A Five-Cent Synthesis
thoughts on keeping an on-line journal
Moses Herzog's* desperate search for clarity, justification, sanity, drives him to keep something like a web log in the days before the web existed. He is driven compulsively to scribble fragments of thoughts he suspects are themselves only symptoms of his disintegration.
Lying on the sofa of the kitchenette apartment he has rented on 17th Street, he sometines imagined he was an industry manufacturing personal history, and saw himself from birth to death. He conceded on a piece of paper,
I cannot justify.
I've always thought Herzog's search for sanity is crystalised in his "pursuit of a grand synthesis". Bellow engages a well-known quip from an otherwise obscure American Vice-President, Thomas Riley Marshall (from my home state of Indiana), who said, in 1917, "What this country needs is a good five-cent cigar." Herzog muses, What this country needs is a good five-cent synthesis (p. 207).
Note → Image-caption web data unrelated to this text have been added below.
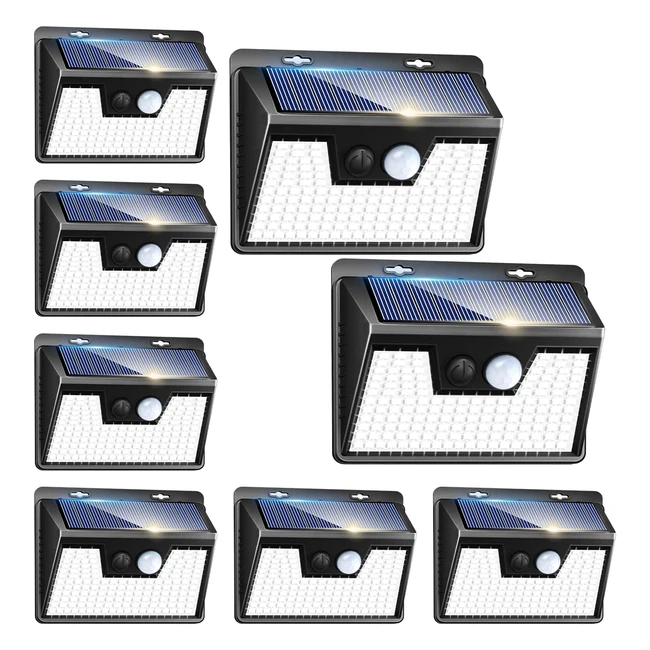 Luz Solar Exterior 140 LED - 8 Paquete - 3 Modos - Sensor de Movimiento - IP65 Impermeable
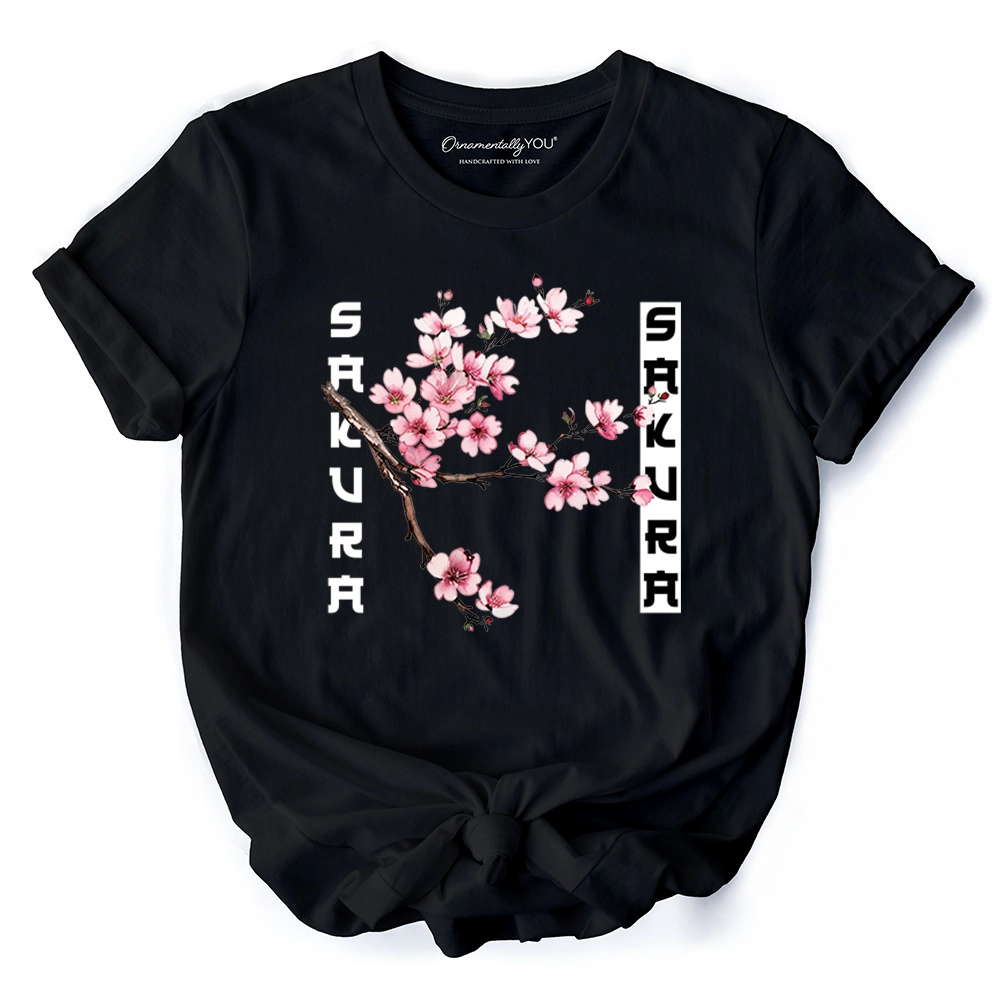 OrnamentallyYou Unisex Vintage Sakura Cherry Blossom T-Shirt
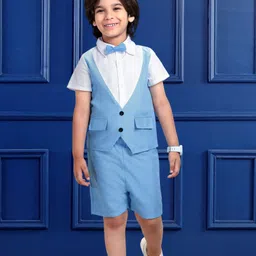 Mark & Mia Half Sleeves Solid Colour Party Shirt & Shorts With Bow Applique - Light Blue & White-picture-27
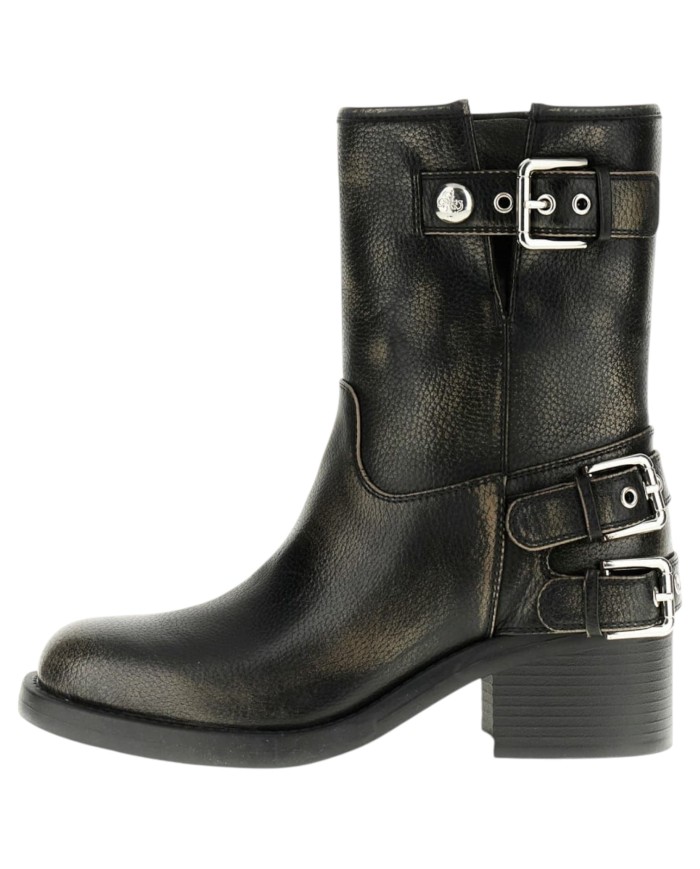 Stivaletto Guess Donna Matley 2 Con Tacco Leather Black Taupe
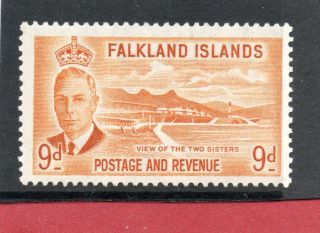 Falklands G V1 1952 9d Orange - Yellow Sg 179 H. photo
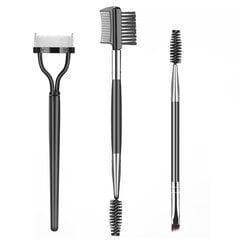 Kulmakarvaharja Eyelash Separator Brow Comb & Lash Spoolie Professional Eye Meikkityökalut (3 kpl setti) Musta 3 osainen setti hinta ja tiedot | Meikkisiveltimet ja meikkisienet | hobbyhall.fi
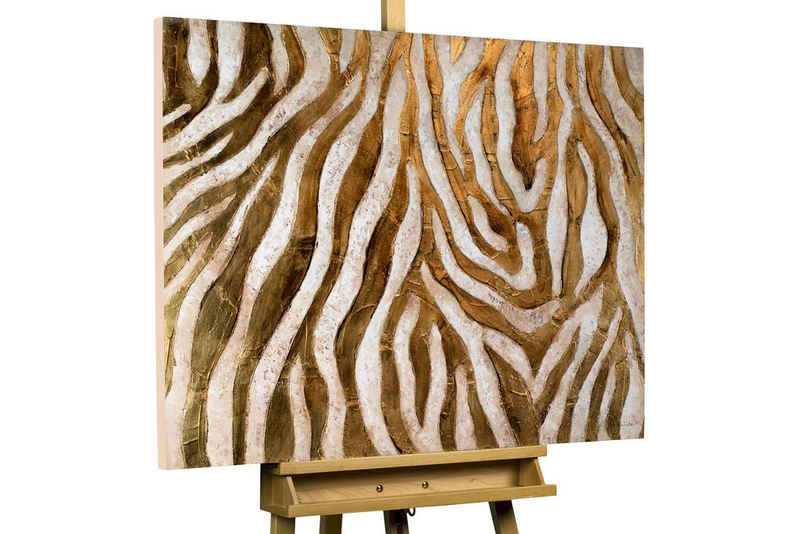 KUNSTLOFT Gemälde »Golden Zebra«, handgemaltes Bild auf Leinwand
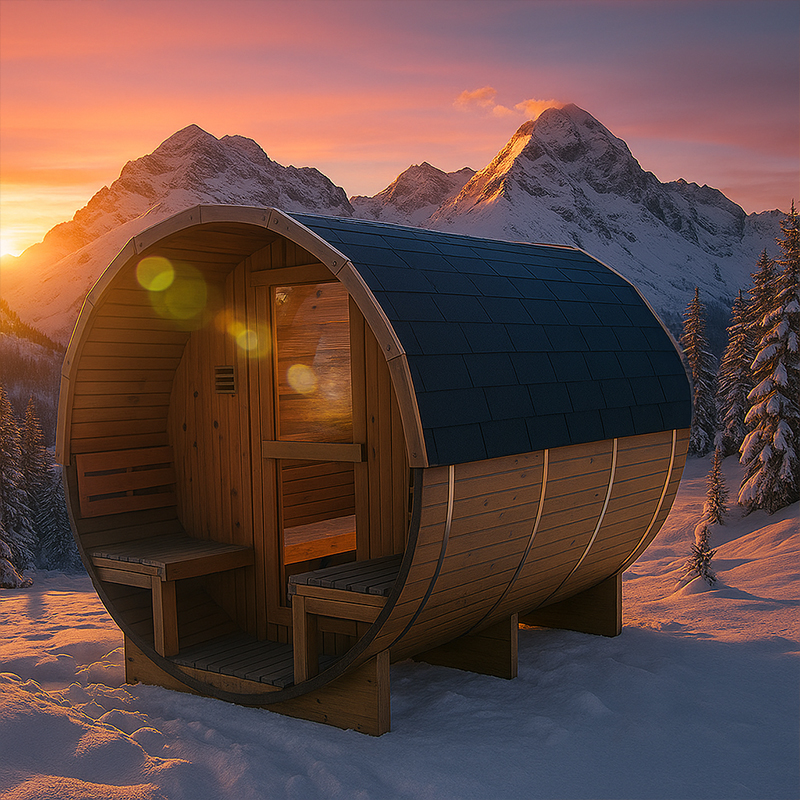 SAUNA OGRODOWA FIŃSKA BECZKA Z PIECEM TROMSO-HG-2 4-6 OSOBOWA 210x210 CM TROMSO-HG TROMSO-HG-2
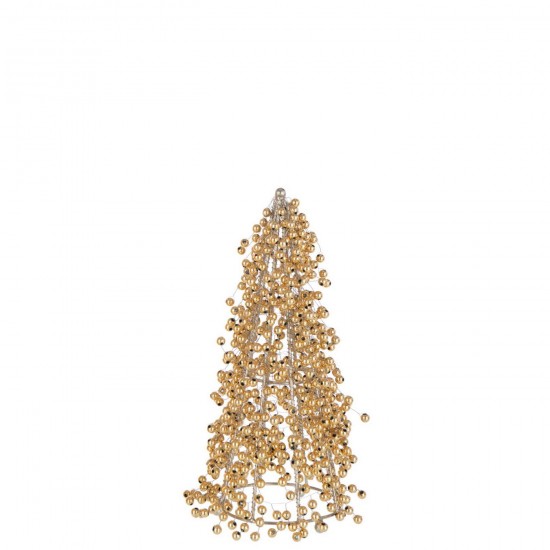 J-Line J Line cones de noel Jolipa Cône Perles Acrylique Doré Small.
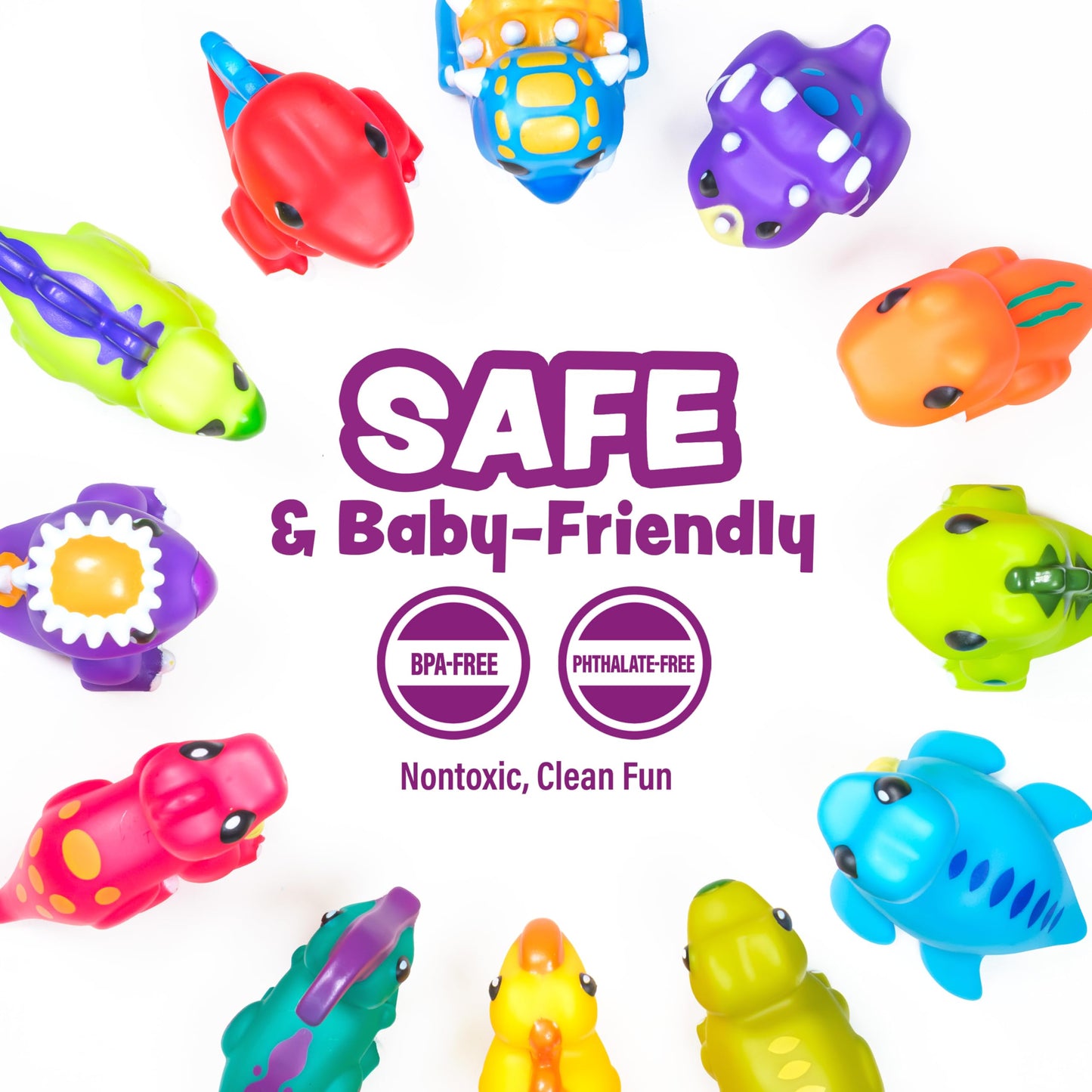Tub Works Dinosaur Mold Free Bath Toys – 12 Pack | Sealed No-Hole Design Keeps Moisture Out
Read Hegel and Marx. The dream is for a resolution of interminable conflict. But of course Herzog is aware that "it's the hysterical individual who allows his life to be polarized
by simple extreme antitheses like strength-weakness, potency-impotency, health-sickness. He feels challenged but unable to struggle. . . A man bursting with unrecognized needs, deep desires for finding resolutions, imperatives, desires for activity, for brotherhood, desperate with longing for reality, for God, could not wait but threw himself wildly upon anything resembling a hope. (p. 208)
Herzog has spent his hours writing letters "to everyone under the sun" and scribbling fragments of off-the-cuff proverbs, in a process that makes the act of writing seem less the construction of meaning than a recording of pain, a symptom of frustration and desperation in the face of meaninglessness. In the brutal, post-humanist absurdity of the world after Auschwitz, Herzog's anxious journeys lead nowhere. The prospect of hope itself is just as absurd as the prospect of a five-cent cigar in the political imagination of a Thomas Riley Marshall. At the end of the novel, the search for a grand synthesis is transcended along with language and writing itself. Achieving a kind of equilibrium if not actual authenticity, Herzog has "no message for anyone. Nothing. Not a single word."